On Linux, the easiest way to perform this validation is to profile the set of benchmark configurations that you are interested in using perf, while executing it in --profile-time=1 mode and with a minimal subnormal occurence frequency resolution (since it does not affect code generation)…

# measure_codegen is like measure, but without the increased freq resolution
cargo bench --features=measure_codegen --bench=f32x08 -- --profile-time=1

…then check out the assembly of the inner loop of the benchmarks that actually got executed, using the “annotate” feature of perf report.

The provided run_attended.sh script is designed to support a more elaborate version of this approach to analyzing the code that is generated by rustc/LLVM, in which…

  • cargo criterion is used instead of cargo bench to speed up compilation
  • cargo build is used before cargo criterion to avoid profiling compilation
  • Benchmarks are compiled with a minimized target-feature set for optimal codegen
  • A separate perf.data file is produced for each benchmarked floating-point type, which makes it easier to detect type-specific issues like autovectorization bugs

Analysis

At the time of writing, Subwoofer does not produce fully digested data telling you e.g. what slowdown you can expect when multiplying subnormal numbers instead of normal numbers in throughput-bound numerical code that operates from inputs that reside in the L1 CPU cache.

Instead, this information must be obtained through a manual analysis process. In the remainder of this documentation, we will explain to you how this process is performed, then show you examples of the kind of results that you can obtain on the particular CPUs that the authors got access to.

Naming convention

Benchmarks names folow a type/op/ilp/source/%subnormals structure where…
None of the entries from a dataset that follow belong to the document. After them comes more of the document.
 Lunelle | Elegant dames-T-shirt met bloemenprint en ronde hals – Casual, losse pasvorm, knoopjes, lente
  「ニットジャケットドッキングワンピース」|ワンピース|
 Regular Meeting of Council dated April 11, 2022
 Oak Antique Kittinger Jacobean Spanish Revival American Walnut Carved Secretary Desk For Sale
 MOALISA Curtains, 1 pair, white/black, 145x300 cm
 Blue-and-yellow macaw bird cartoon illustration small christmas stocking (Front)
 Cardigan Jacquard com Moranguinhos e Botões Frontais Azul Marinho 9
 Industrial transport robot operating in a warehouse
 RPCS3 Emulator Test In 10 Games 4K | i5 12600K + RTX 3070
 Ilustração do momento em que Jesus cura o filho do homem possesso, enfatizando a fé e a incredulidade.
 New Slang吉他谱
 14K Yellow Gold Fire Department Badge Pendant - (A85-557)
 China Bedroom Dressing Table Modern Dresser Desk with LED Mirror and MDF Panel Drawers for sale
  • type is the type of data that is being operated over. Depending on how the CPU’s subnormal fallback part is implemented, subnormal performance might differ for single vs double precision, and for scalar vs SIMD operations.
  • op is the operation that is being benchmarked.
    • Note that we are often not benchmarking only the hardware operation of interest, but rather a combination of this operation with some cheap corrective actions that resets the accumulator to a normal state whenever it becomes subnormal. We will explain how to deduce raw hardware arithmetic performance characteristics from these measurements later in this chapter.
  • ilp is the degree of instruction-level parallelism that is present in the benchmark.
    • “chained” corresponds to the ILP=1 special case, which is maximally latency-bound. Higher ILP should increase execution performance until the code becomes throughput bound and saturates superscalar CPU backend resources, but the highest ILP configurations may not be optimal due to limitations of the CPU microarchitecture (e.g. CPU op cache/loop buffer trashing), the compiler, or the optimization barriers that we use.
    • If you observe that the highest ILP configuration is slower than the next-highest configuration, I advise re-running the benchmark with more_ilp_configurations added to the set of Cargo features, in order to make sure that your benchmark runs do cover the fastest, most throughput-bound ILP configuration. This will increase execution time.
  • source indicates where the input data comes from.
    • As the CPU accesses increasingly remote input data sources, the relative impact of subnormal operations is expected to decrease, because the CPU will end up spending more of its time waiting for inputs, rather than computing floating-point operations.
    • By default, we only cover the data sources where the impact of subnormals is expected to be the highest. If you want to measure how the impact of subnormals goes down when the code becomes more memory-bound, you can add more_data_sources to the set of Cargo features. But this will greatly increase execution time.
  • %subnormals indicates what percentage of subnormals is present in the input.
    • The proposed measure benchmark configuration has enough percentage resolution to precisely probe the overhead curve of all CPUs tested so far. But your CPU model may have a different overhead curve that can be precisely probed with less percentage resolution (leading to faster benchmark runs) or that requires more percentage resolution for precise analysis (at the expense of slower runs). In that case you may want to look into the various available subnormal_freq_resolution_1inN Cargo features.
    • If you ended up needing more data points than the current measure configuration, please consider submitting a PR that makes this the new default. I would like to keep the measure configuration precise enough on all known hardware, if possibly suboptimal in terms of benchmark execution time.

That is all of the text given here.